2 thoughts on “Answer: Conduit for non-deductible contributions

  1. I have been searching for an answer to this question for several days now. We have a situation at our church where a member has started a ministry locally and he is trying to have people give through the church in order to get a tax deduction. He is not a 501(c)(3) as of yet. I have tried to tell him that this will not work and could potentially put our own tax exempt status in jeopardy since we would in essence be “laundering” money through the church in order to give tax credit. Am I right in this statement? Do you know of any IRS code to back this up?

  2. That is a good question.

    I don’t know the circumstances of what kind of ministry is involved or what oversight your church is providing. Let’s discuss two different scenarios.

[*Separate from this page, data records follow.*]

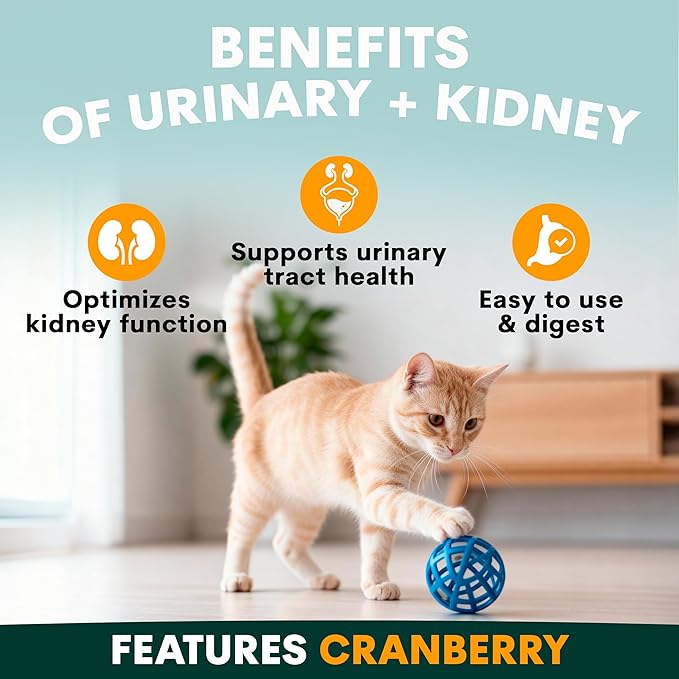 Urinary and Kidney Powder Supplement for Cats - Cranberry, Nettle Seed, D-Mannose for Cat UTI Treatment, Urinary Tract Health, and Kidney Care - Fast UTI Relief & Prevention - 60 Scoops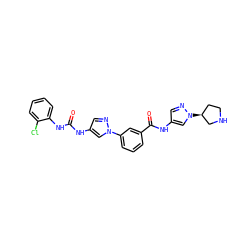 O=C(Nc1cnn(-c2cccc(C(=O)Nc3cnn([C@H]4CCNC4)c3)c2)c1)Nc1ccccc1Cl ZINC000219083663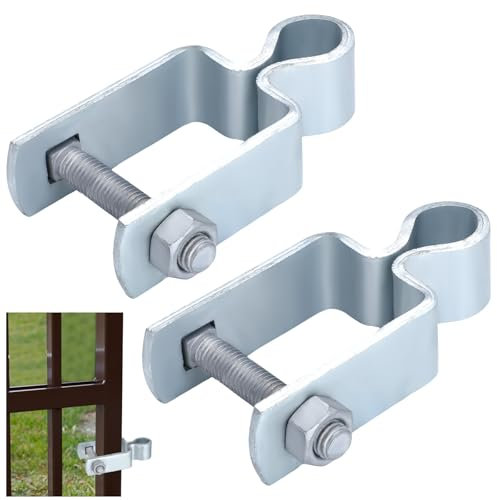 Dansydaisy 2 Pcs 1-1/2 x 5/8 Square Post Female Hinges Square Chain Link Fence Gate Post Female Hinge Galvanized Steel Fence Gate Hinge with Bolts and Nuts for Repairing and Replacing of Fence Gate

    If your church leadership wants to make this new ministry a part of your church, providing oversight and supervision of the program (‘headship’ is a word used in certain traditions) along with financial oversight (which would start with reviewing the proposed budget and approving the funds that are spent), that is one situation. In this case, the new ministry is essentially the same as a department of your church. If you provide that oversight and accountability, this ministry is little different from your men’s ministry or women’s ministry. My guess is that those other programs need to raise their own money through special events and ticket sales to fund their events.

    On the other hand, if this person is running his program without any input from your leadership, is not accountable to your governing board, and you do not review & approval expenses of the program, there is a problem. In fact, depending on what the program efforts are and how the whole arrangement is structured, that could be a wide variety of big issues. As the starting point for why this can be a problem, look at the ‘conduit’ discussion described above.

    So in the best tradition of CPAs everywhere, my answer is “it depends”. If this person and your church leadership want to structure the arrangements appropriately and set up proper accountability, it is possible to make this work. If this person insists on being a lone ranger, it gets messy.

    Hope that helps. Thanks for asking.